America bears some of the blame for the bloody wave of Islamic extremism that has brought terrorism to San Bernardino, Paris and locations around the world, according to a spokesman for the Council on American-Islamic Relations.
In a Friday CNN interview, Hussam Ayloush, of the group's Los Angeles chapter, said American foreign policy has helped fuel the rage that drives Muslim radicals to kill in the name of their faith.
“Let’s not forget that some of our own foreign policy, as Americans, as the west, have fueled that extremism,” Ayloush told "New Day" host Chris Cuomo during a discussion about Wednesday's terrorist attack in San Bernardino, Calif., where a Muslim married couple killed 14 and wounded 21 at a holiday party for the county health department that employed the husband, Syed Rizwan Farook.

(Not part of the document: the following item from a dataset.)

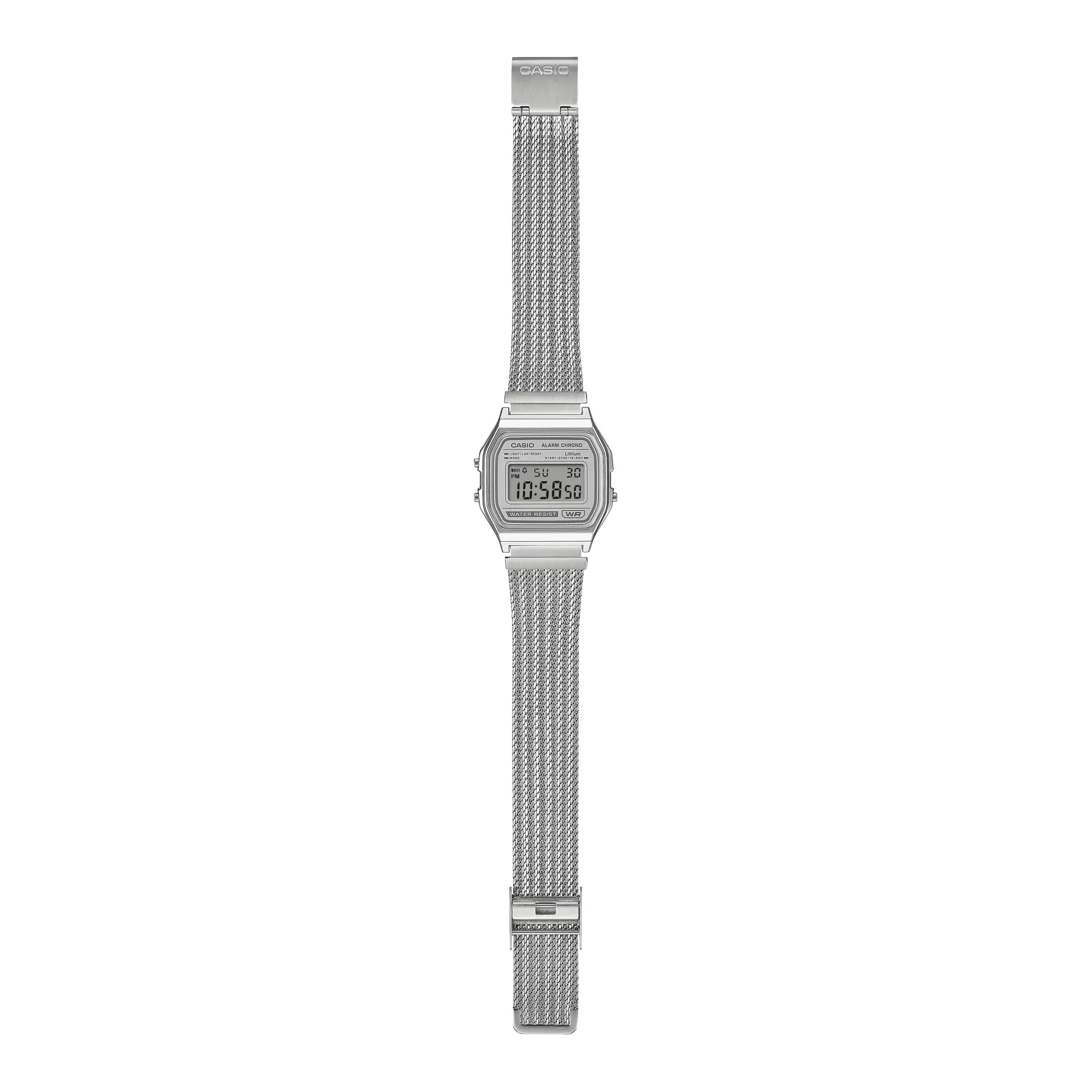 Casio Jam Tangan Unisex dengan format Digital A158WEM-7DF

“Let’s not forget that some of our own foreign policy, as Americans, as the west, have fueled that extremism.”
Ayloush said U.S. support for repressive regimes in the Middle East, including Egypt, “push people over to the edge.”
“Then they become extremists,” said Ayloush. “We are partly responsible. Terrorism is a global problem, not a Muslim problem. And the solution has to be global. Everyone has a role in it.”

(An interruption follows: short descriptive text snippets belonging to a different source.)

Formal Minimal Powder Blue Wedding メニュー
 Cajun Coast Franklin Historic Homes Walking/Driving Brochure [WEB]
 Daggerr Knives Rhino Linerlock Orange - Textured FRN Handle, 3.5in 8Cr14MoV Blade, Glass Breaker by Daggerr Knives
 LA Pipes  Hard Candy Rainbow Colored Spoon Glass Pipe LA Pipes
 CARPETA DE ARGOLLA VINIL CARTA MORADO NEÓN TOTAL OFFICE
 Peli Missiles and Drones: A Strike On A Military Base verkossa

Cuomo did not challenge him on the assertion that American foreign policy triggered terrorism. In Egypt, former army general Abdel Fattah al-Sisi won election after first staging a military coup against Mohammed Morsi in 2013, after declaring Morsi was leading the constitutionally secular nation toward Islamicization.
The discussion focused on Farook and Pakistani wife Tashfeen Malik's indoctrination to Islamic jihadism and a purported backlash against American Muslims in the aftermath of the latest terrorist attack on U.S. soil. Farook, an American-born citizen, and Malik were killed in a shootout with police hours after the attack at the party, held in a conference room at a social services facility. On Friday, Fox News reported that Malik had pledged her allegiance to ISIS.